Sunday, July 21, 2002

You've got BRAIN!!!

I am pleased to inform you that you-- yes, YOU!-- are the owner of a brain. You do not have to sign anything, nor do you have to send me a registration fee. You do not have to wait for it to be delivered. It's already yours! In your head! Now!

Your free, all-expenses-paid brain comes equipped with the following features as standard:

* Critical faculties!

Critical faculties allow you to think things about stuff and work stuff out, without waiting to be told by someone or going along with your first kneejerk reaction. Gosh, they're super!

* Language!

Yes-- with brain, the super head-filler, you get Language absolutely free! Language has Words and helps you to express ideas and thoughts and stuff. No longer will you be reduced to calling everything "gay". No longer will you have to content yourself with dull, unimaginative death-threats or hackneyed sexual slurs! Why say "yr sight suks!!!!!" when you could say "Your website is the diseased leakage from an infected rectal fistula and you yourself are quite stunningly pathetic"? Langauge-- it's a bit good!

* Learning abilities!

Brain also comes equipped with a state-of-the-art upgrade facility, Learning™. Imagine-- free brain upgrades, whenever you want! NO waiting! NO big downloads! Just insert information via sensory apparatus and Learning™ will do the rest! AMAZING!

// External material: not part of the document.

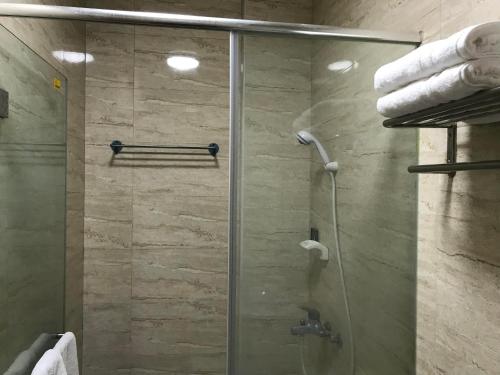 台東市的住宿－台東旅人民宿 ，浴室里设有玻璃门淋浴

"But Mordant," I hear you cry, "I cannot use my Brain! I did not go to (insert academic institution) and I'm only a (insert random agglomeration of gender/orientation/occupation)! How can I use Brain?"

Mandy the Bearded One (in a box) says: Don't worry! I went to a top academic institution and that never stopped my rise to idiocy.

That's right. You may feel ill-equipped to process certain topics-- yet how many hours have you spent sitting around with your mates and discussing why (insert sports team here) should buy (insert player of said sport here)? Or why (insert soap character here) should break up with (insert another soap character here)? In minute detail! See? You already have the basic tools for discussing and understanding all kinds of things and stuff!

"But Mordant," I hear another cry go up, "I have a Ph. D. in being dead clever from Dead Clever University! Am I not already using Brain?"

Nuh-uh! You may have used Brain for certain specialized applications in the past-- but are you using it right now? Do you find yourself waving your Ph. D. in Dead Cleverness around as a debate crashes around your pathetically untenable position in flames? Then you need to use Brain! Or you'll end up looking like a total prat!

Mandy the Bearded One (in a box) says: Yes-- intelligence doesn't equal wisdom. Anyway, what does it matter when you can't sit down and you aren't allowed on the furniture? ooouch.

So start using super free Brain, TODAY!!!

Mandy the Bearded One (in a box) says: Can I say Chomskyian now? Please?